Di riflesso il rendimento dell’emissione al 2049 si è posizionato sul 3,91%. Mica poco, se si considera che il trentennale tedesco rende oggi circa lo 0,75%, quello francese circa l’1,5%, quello spagnolo il 2,45%. Ma non si può dimenticare che a novembre, nel momento più violento del duello tra il governo e Bruxelles, il Btp Italia raccolse meno di € 2 miliardi, tra retail ed istituzionali, su un titolo a 4 anni offerto al 4% netto (più bonus). Non è primavera, insomma, ma una schiarita c’è stata, in barba al deterioramento della congiuntura. Ma quanto durerà? C’è da fidarsi oppure alla fine il cerino resterà in mano ai più deboli?
Per tentare una risposta si deve partire dalla constatazione che il trend non riguarda solo l’Italia. Dopo le tensioni sui mercati azionari degli ultimi mesi del 2018 si è amplificata la richiesta di prodotti difensivi amplificata dalla frenata della crescita delle economie, che si è tradotta in una corsa alle emissioni del reddito fisso, a partire da quelle che rendono di più. Inoltre, il timore di un’uscita dell’Italia dall’euro si è fortemente ridimensionato, almeno per il futuro prevedibile.
Certo, la tensione sul debito italiano resta molto forte, ma per quanto riguarda il Bel Paese, a differenza di quanto accadde alla Grecia (che pure oggi gode il favore dei mercati) durante la grande crisi, nessuno mette in dubbio la solvibilità. Gli investitori esteri sanno che, se le cose dovessero mettersi male (cioè prendere la piega che è sotto gli occhi di tutti, in questo momento), gli italiani hanno una elevata ricchezza privata per compensare il debito pubblico e restare solvibili. Ovvero, tanto per spegnere l’ottimismo, l’aumento del debito rende meno improbabile una possibile patrimoniale. Anche perché è stato calcolato che il prezzo pagato dal Tesoro per la raccolta di € 8 miliardi è stato ieri più alto di ben € 1,3 miliardi rispetto a quanto chiesto dai mercati nello scorso aprile, prima del ribaltone elettorale.

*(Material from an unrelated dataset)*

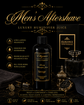 Men’s Aftershave Inspired Humidifier Juice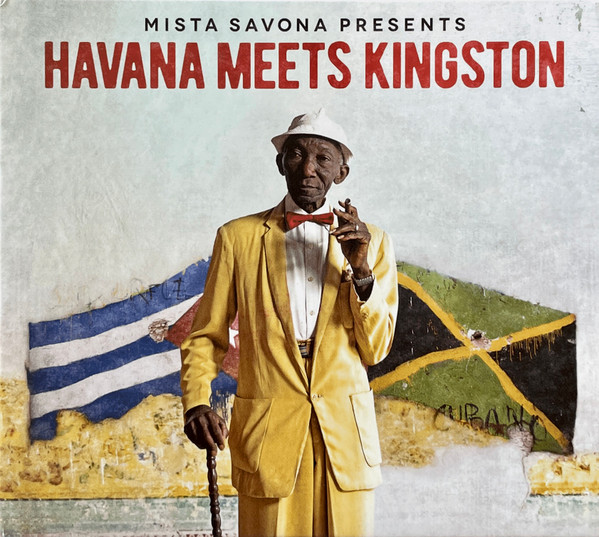 Mista Savona - Havana Meets Kingston | Baco Records (BR-CD/17026)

Lo stress da debito, insomma, si fa sempre più inquietante.
Ecco come si spiega l’apparente contraddizione tra il successo delle emissioni del Tesoro e lo spread di nuovo in accelerazione: il mercato non teme il default italiano, ma tratta il Bel Paese alla stregua di un cattivo debitore che, di questo passo, prima o poi dovrà mettere all’incanto l’argenteria (anzi, gli immobili) che verranno rilevati a prezzo di occasione. Che fare, data questa cornice non confortante? È probabile che in futuro lo spread Btp/Bund sia destinato ad allargarsi, perciò potrebbe essere una buona tattica posizionarsi sulla parte a lunghissima scadenza della curva dei rendimenti anche perché per un bel po’ non ci saranno nuove offerte di questo genere, a garanzia della tenuta dei prezzi.